Update: The Moody Blues made the cut and will be honored in April. The Zombies did not. /update.

Other acts of interest among the 19 nominees include the Detroit radical combo MC5 (“Kick Out the Jams”) and British art rocker Kate Bush.

The Moody Blues first found fame as an R&B-influenced pop group, hitting with the bittersweet “Go Now.” In the psychedelic era, the band transitioned into a seminal progressive act drawing on symphonic music, the then-novel sounds of the mellotron and the mid-1960s fascination with Eastern philosophies. Its sound was lush; the lyrics knowing and often whimsical.

The band’s influential concept albums include “Days of Future Passed” (1967), “In Search of the Lost Chord” (1968) and “A Question of Balance” (1970). Despite their length and psychedelic veneer, radio took to singles such as “Nights in White Satin,” “Question” and “Tuesday Afternoon.”

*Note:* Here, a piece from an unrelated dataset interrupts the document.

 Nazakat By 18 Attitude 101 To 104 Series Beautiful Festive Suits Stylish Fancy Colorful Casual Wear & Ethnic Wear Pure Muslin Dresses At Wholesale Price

The Rock Hall’s longtime dismissal of the Moody Blues continued a history of critical negativity toward the band, whose works were sometimes derided as pretentious and overblown. This despite its history as a seminal prog act that was among the first to incorporate synthesizers into rock.

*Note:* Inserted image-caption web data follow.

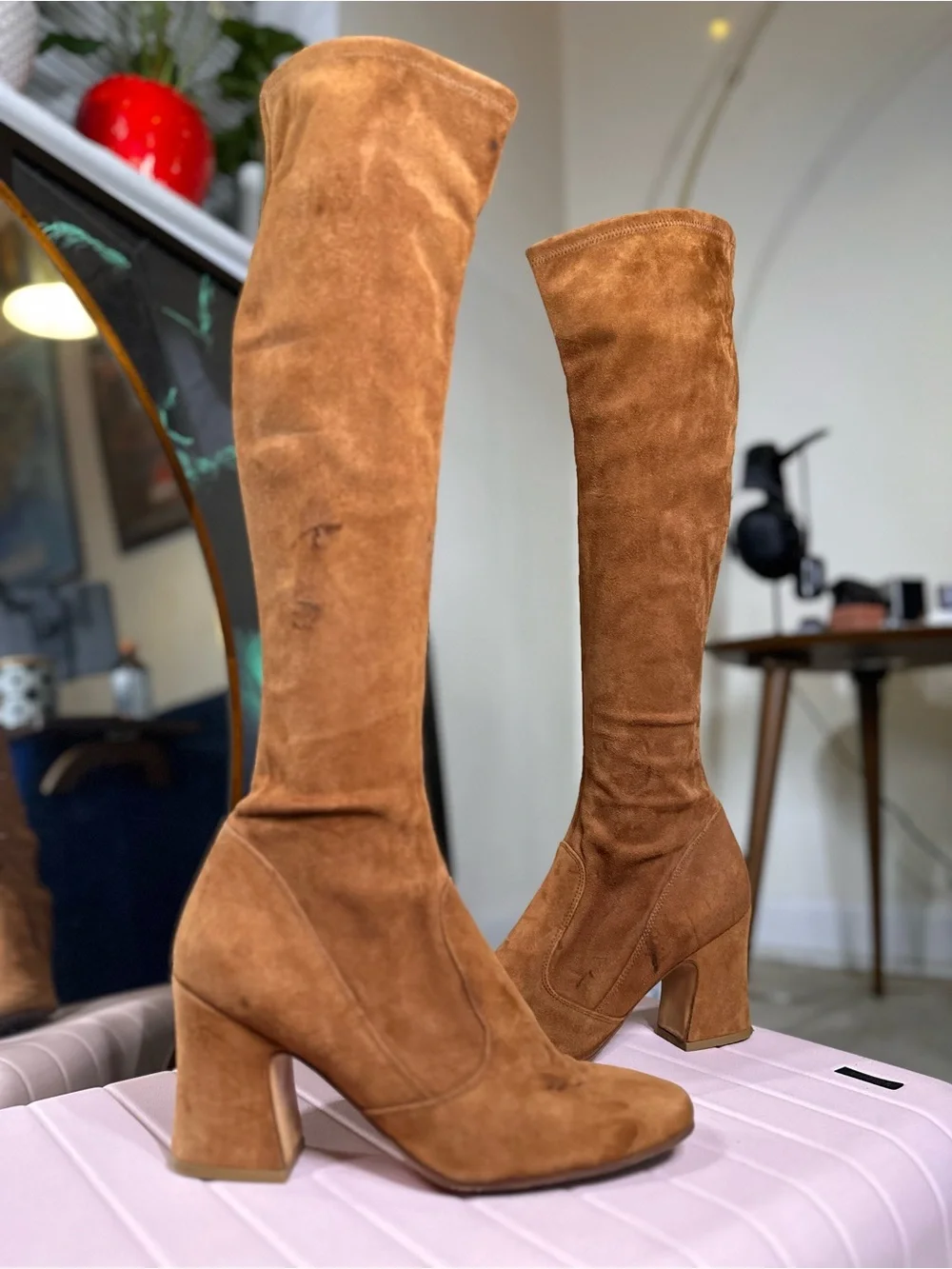 Vintage Biba size 9 Cognac Suede Over-the-Knee Block Heel Boots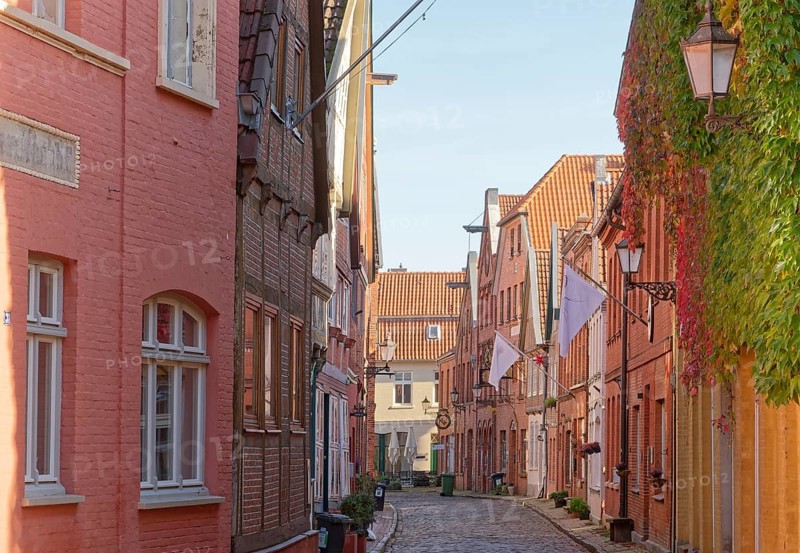 Half-timbered houses on the Elbstrasse in the old town of Lauenburg on the Elbe. Duchy of Lauenburg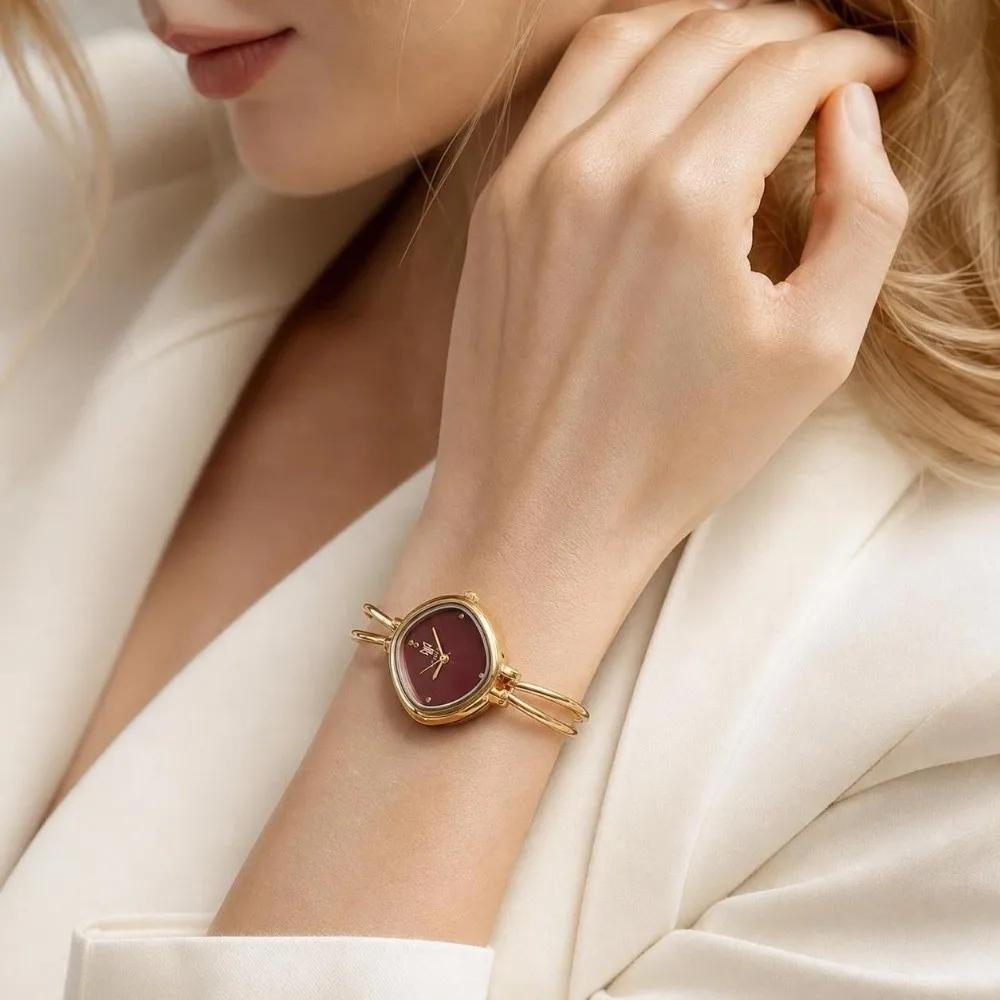 Vintage Solid Color Dial Square Bangle Watch Ultra-thin Curved Strap Thin Metal Bracelet Bracelet Wristwatch Ladies Wristwatch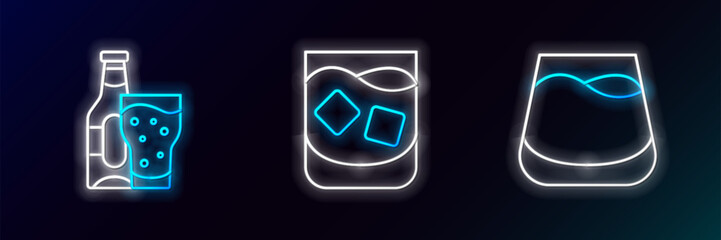 Poster - set line glass of whiskey, beer bottle and glass and icon. glowing neon. vector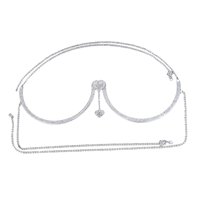 Ioensy - Soporte Para El Pecho Con Diamantes De Imitación Brillantes, Cadena Para Sujetador, Joyería Para El Cuerpo, Discoteca, Fiesta En La Playa, Plata
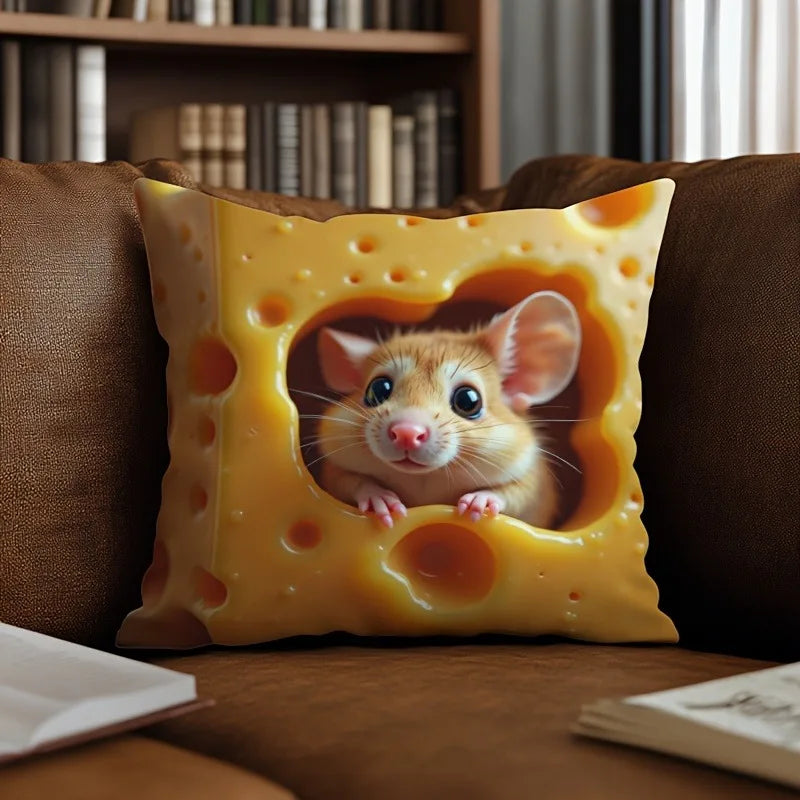 Cute Mouse-in-Cheese Pillow: Add a Whimsical Touch to Your Home! Sofa cushion cover, home room dormitory decoration, 2D printing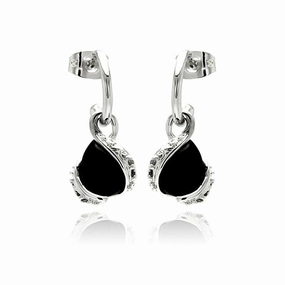 Silver 925 Rhodium Plated CZ Black Teardrop Onyx Dangling Stud Earrings - BGE00237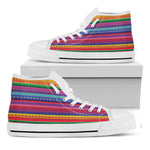 Colorful Mexican Serape Pattern Print White High Top Shoes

The critical broadsides never seemed to hurt the outfit’s popularity, and the Moody Blues continue to tour after a half century.

Greg Harris, CEO of the Rock Hall, told USA Today that “the passion that fans have for the Moody Blues is pretty remarkable.”

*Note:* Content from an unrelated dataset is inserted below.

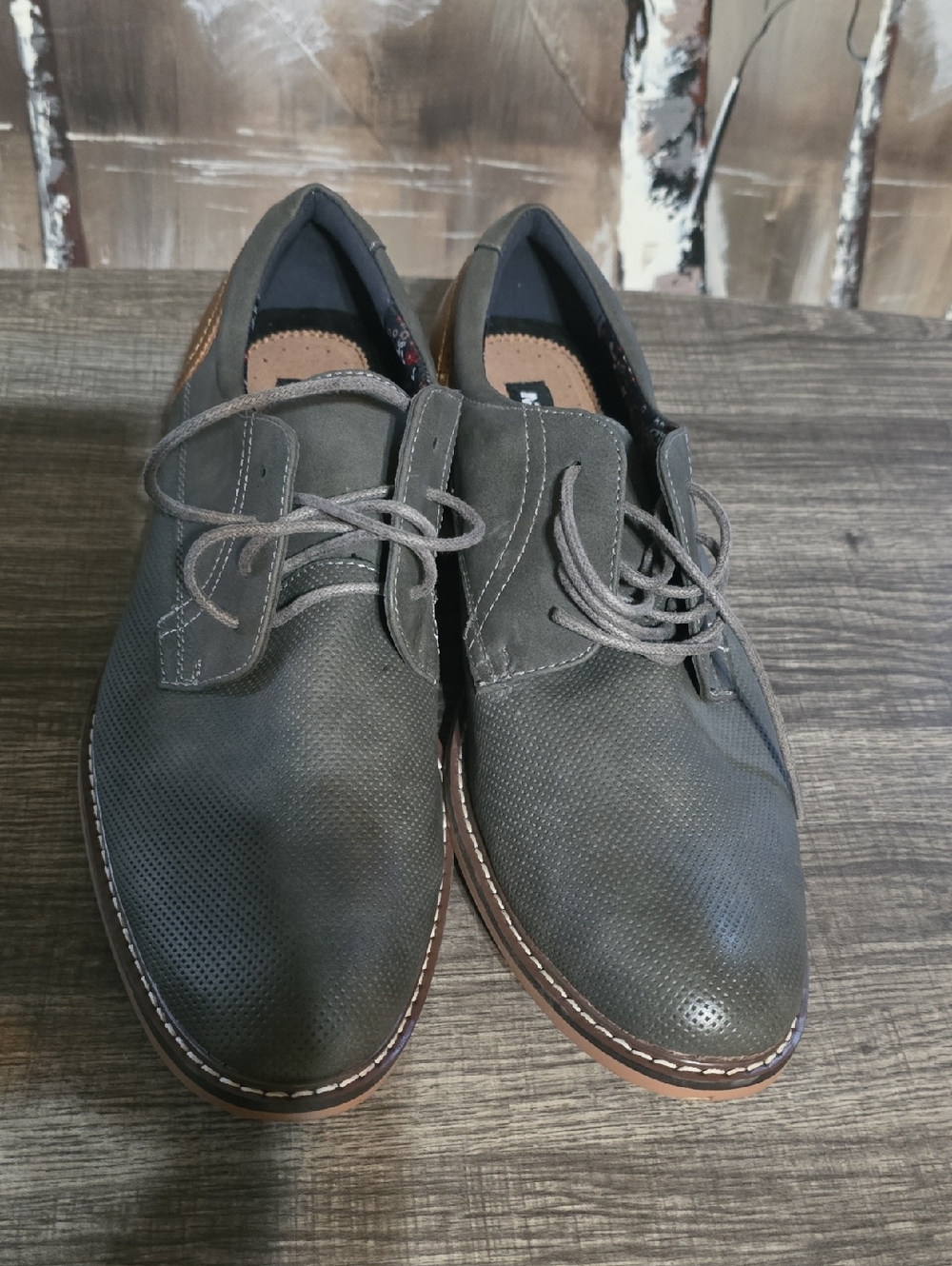 BB Dakota by Steve Madden Men's Gray Perforated Derby Oxfords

A 50th anniversary multidisc rerelease of the group’s second album, “Days of Future Passed,” is set for Nov. 17. It includes the original 1967 stereo mix of the album, which had been damaged and has never been heard on CD.

The eclectic 2018 Rock and Roll Hall of Fame nominees list released Oct. 5 also features Bon Jovi, the Cars, Depeche Mode, Dire Straits, Eurythmics, the J. Geils Band, Judas Priest, LL Cool J, the Meters, Radiohead, Rage Against the Machine, Rufus Featuring Chaka Kahn, Nina Simone, Sister Rosetta Sharpe and Link Wray.

Inductees are scheduled to be unveiled in December. The induction ceremony will be in Cleveland in mid-April.


  1. Bill McGuire says:

    well, it indeed looks like the cards are stacked against LOVE; I fear that Jann Wenner is never going to let them appear on the ballot nor gain entrance. Holding tight to that grudge from 24 yrs ago.

  2. Greg Williams says:

    Even if Jan Wenner comes down from his mountain of self-elected pretense, holding stone tablets of proof that his musical opinion is any more valid than Bill McGuire’s, mine, or any of the millions of people that wore the grooves off of a Moody Blues (or Love) LP. … l will continue to be unconvinced of his credibility.

  3. The idea of a “hall of fame” gave me the heeby-geebies from the start. It smacks of the Oscars and the Emmys and these sort of elitist establishments, self-appointed to determine who gets a prize and who doesn’t always get corrupted by politics and personal feelings. There are bands in that Hall of Fame that did very little to deserve being there in my estimation, and others, like the Moody Blues who would seem to be a no-brainer for induction.

    Who cares? We don’t need a panel of critics to tell us what’s good and what isn’t. All we need is our ears. Let the number of albums on our own shelves determine for us what’s good. Music is a matter of taste after all and we each have our own preferences. A museum where we can go see artifacts of the music we love is a great thing, but this hall of fame game seems to me a bit, plastic.